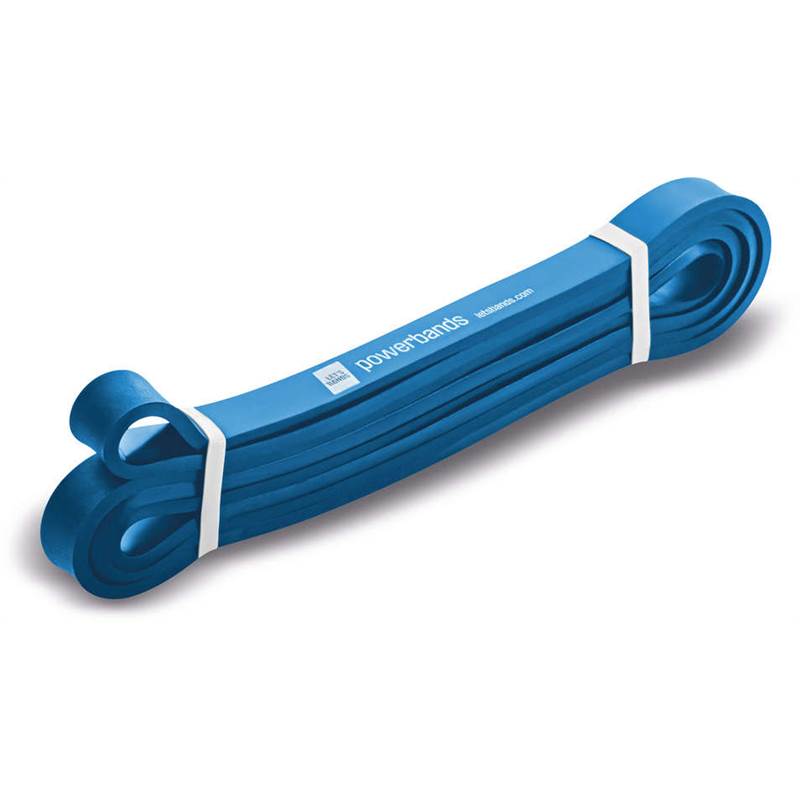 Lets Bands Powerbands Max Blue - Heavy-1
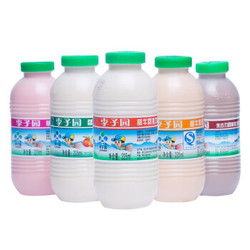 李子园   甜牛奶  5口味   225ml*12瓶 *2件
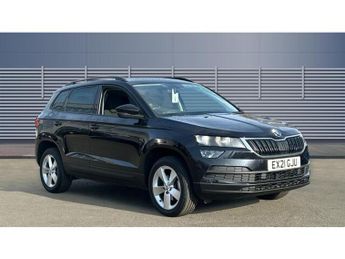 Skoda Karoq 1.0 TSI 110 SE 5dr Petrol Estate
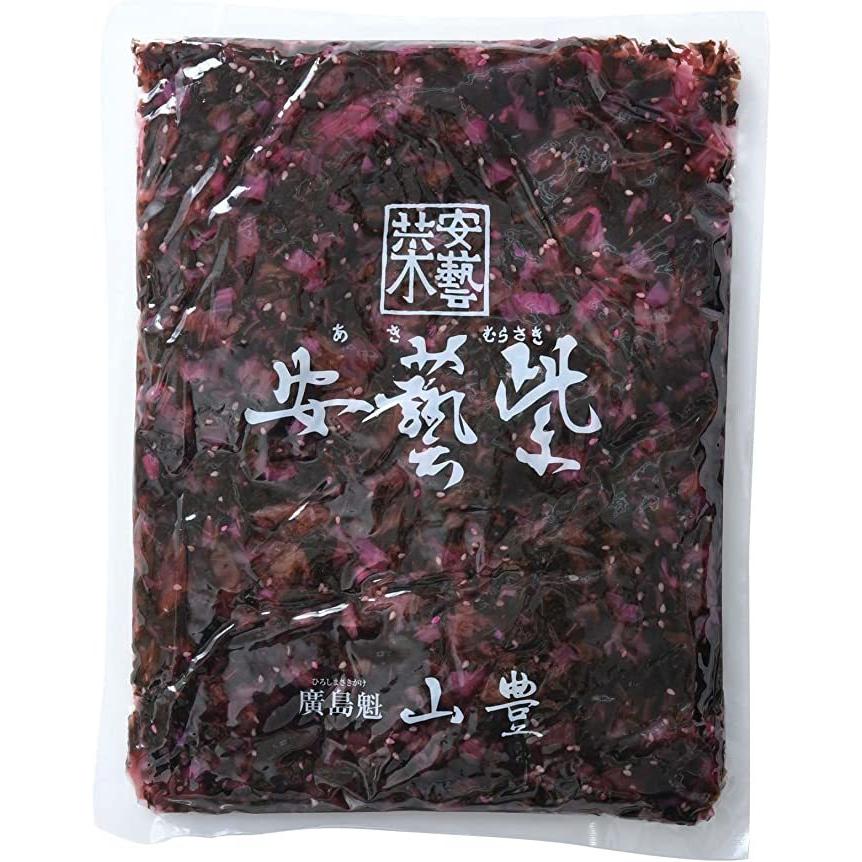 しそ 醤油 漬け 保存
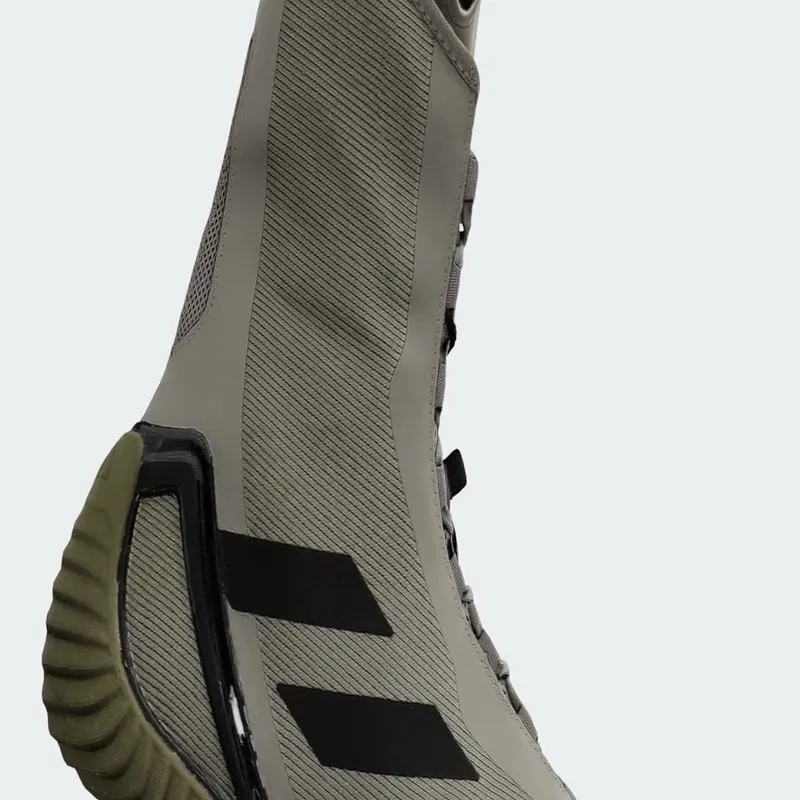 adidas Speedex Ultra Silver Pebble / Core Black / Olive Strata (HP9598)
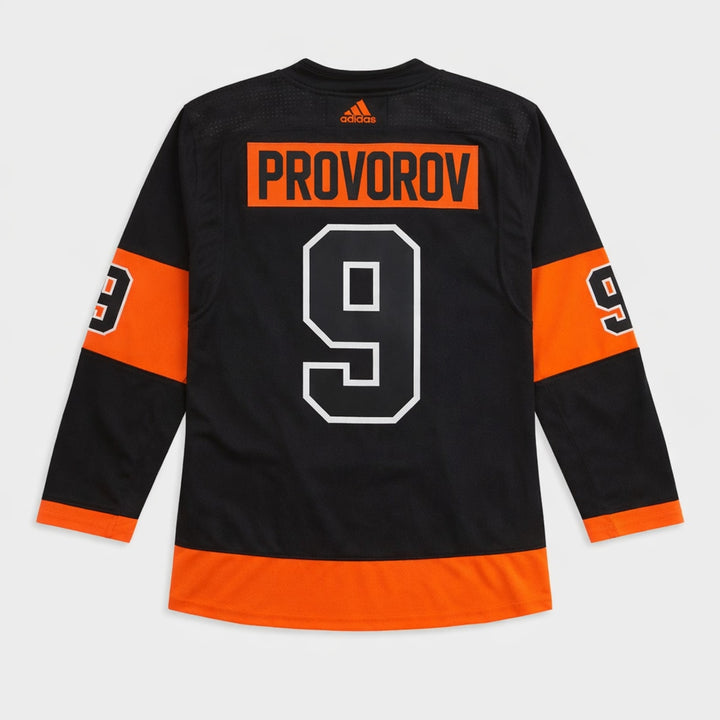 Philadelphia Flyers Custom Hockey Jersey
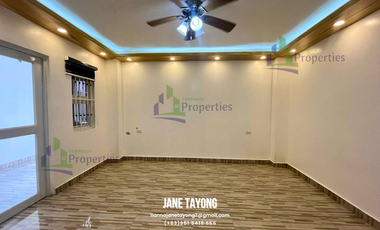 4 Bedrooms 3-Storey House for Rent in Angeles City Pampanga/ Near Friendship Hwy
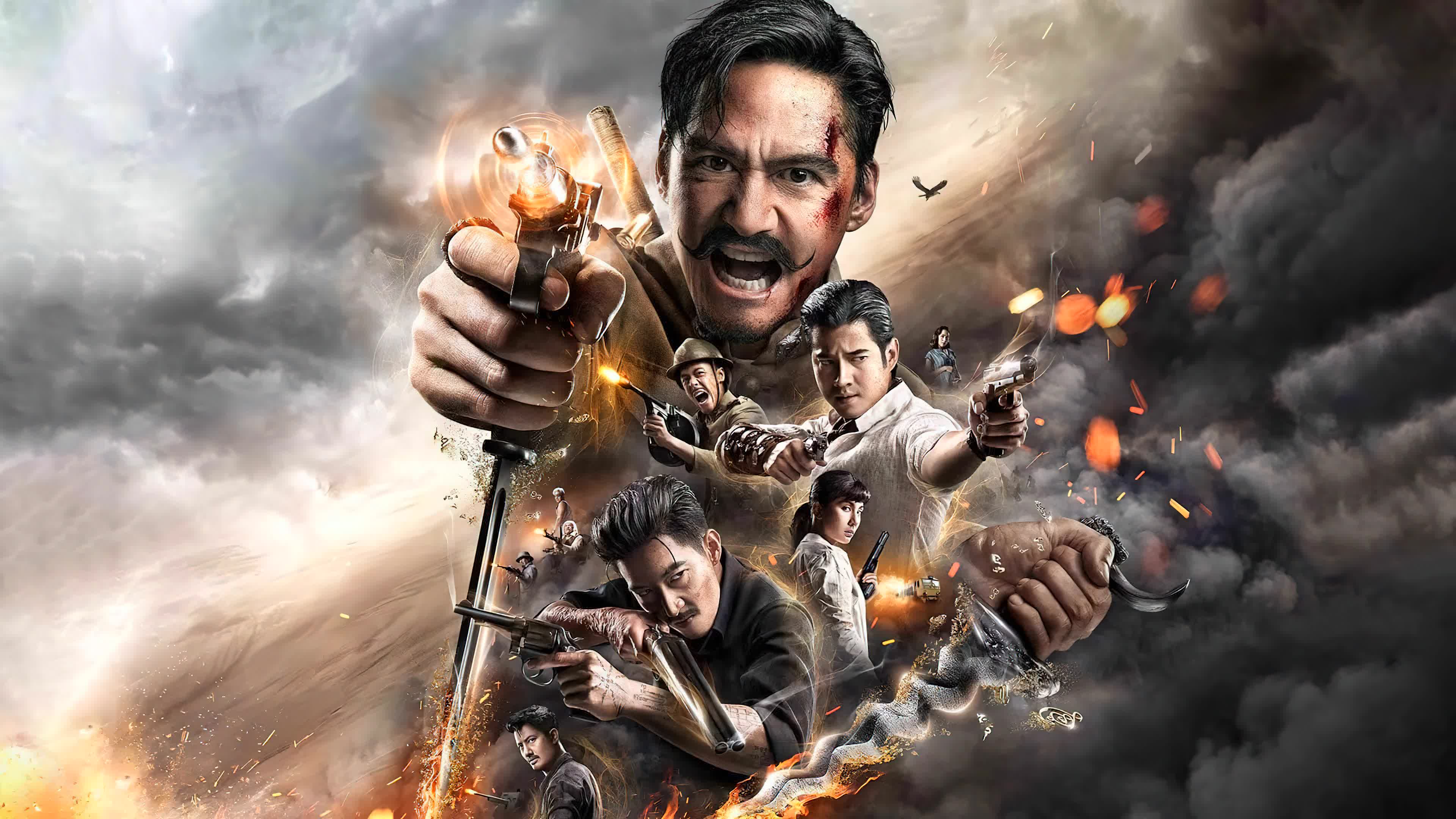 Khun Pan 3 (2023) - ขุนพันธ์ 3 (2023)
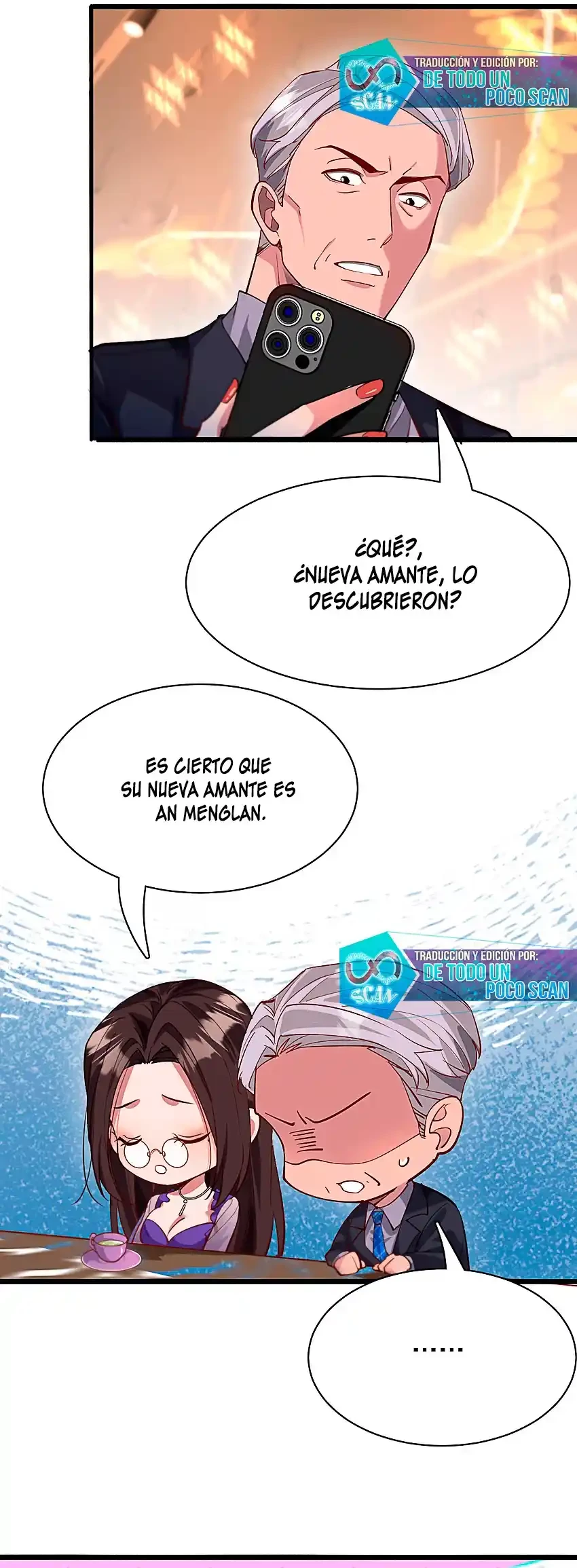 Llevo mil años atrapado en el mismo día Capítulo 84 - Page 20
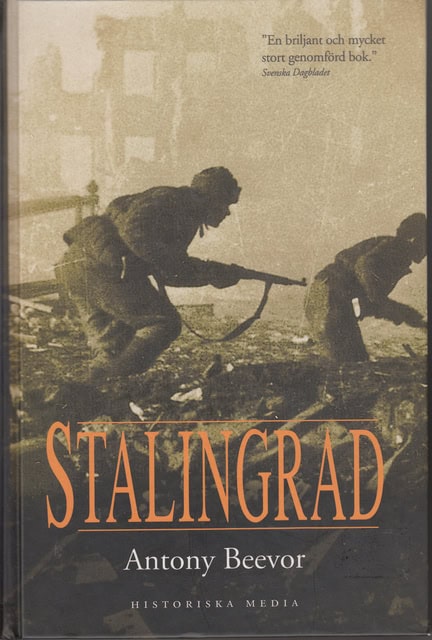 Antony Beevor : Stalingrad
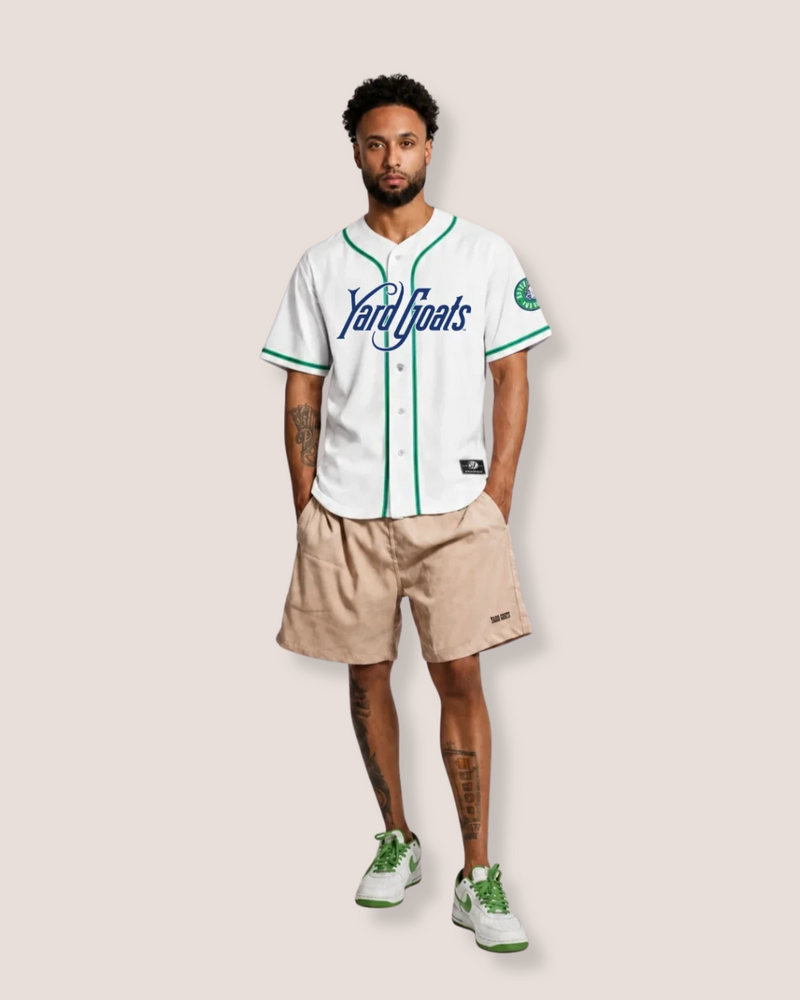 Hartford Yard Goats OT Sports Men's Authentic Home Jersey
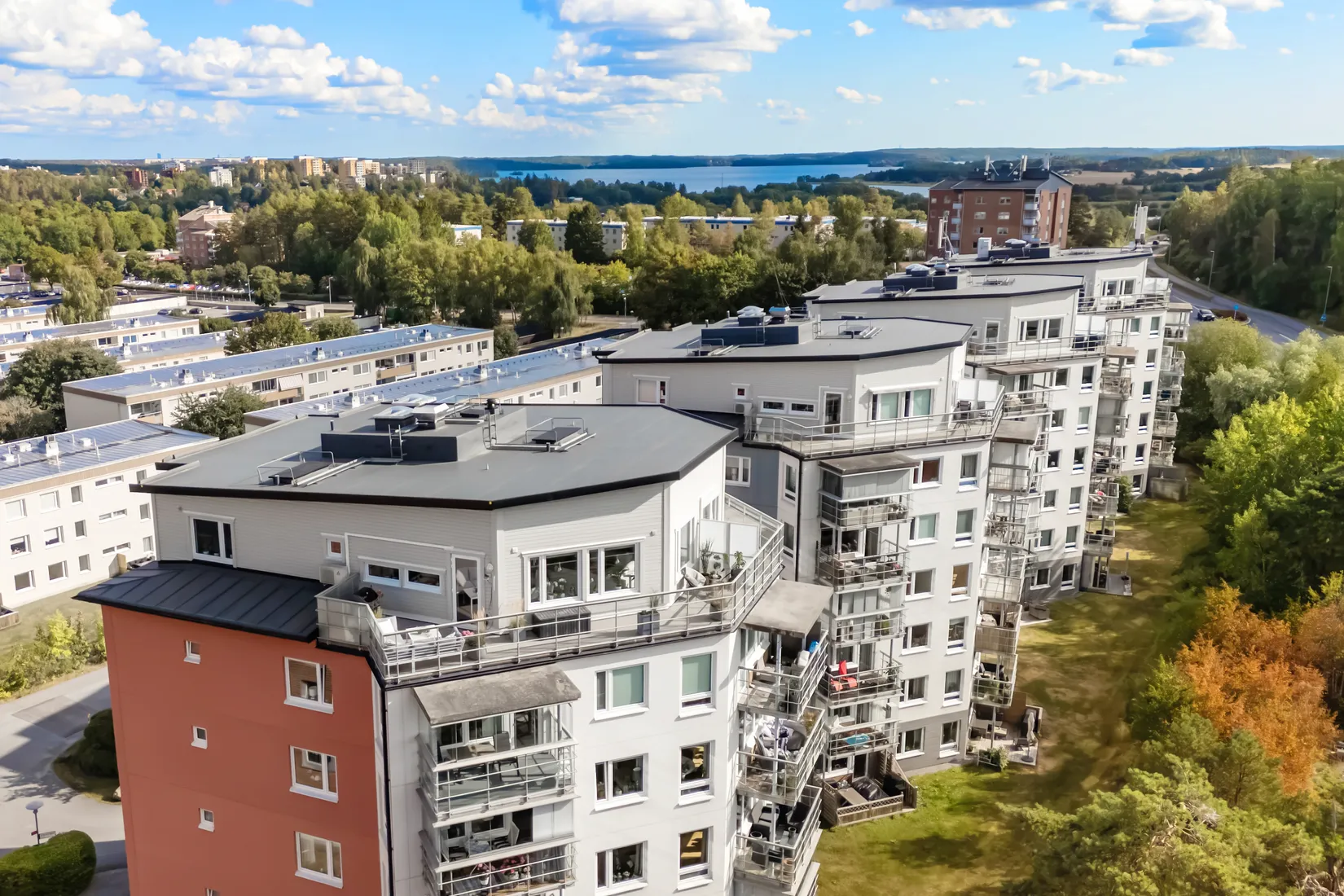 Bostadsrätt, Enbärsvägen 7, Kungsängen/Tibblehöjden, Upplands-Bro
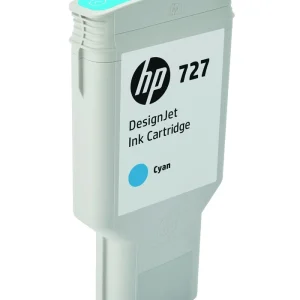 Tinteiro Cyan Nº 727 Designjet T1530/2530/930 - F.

----

=== WHAT NEEDS TO BE DONE ===
The lines from the one containing "Philadelphia Flyers Custom Hockey Jersey" up to and including the last line of the material above are to be given again exactly; any pictures are dropped.

=== ANSWER FOR THE TASK ===
 Philadelphia Flyers Custom Hockey Jersey
 4 Bedrooms 3-Storey House for Rent in Angeles City Pampanga/ Near Friendship Hwy
 Khun Pan 3 (2023) - ขุนพันธ์ 3 (2023)
 Llevo mil años atrapado en el mismo día Capítulo 84 - Page 20
 Antony Beevor : Stalingrad
 Hartford Yard Goats OT Sports Men's Authentic Home Jersey
 Bostadsrätt, Enbärsvägen 7, Kungsängen/Tibblehöjden, Upplands-Bro
 Tinteiro Cyan Nº 727 Designjet T1530/2530/930 - F.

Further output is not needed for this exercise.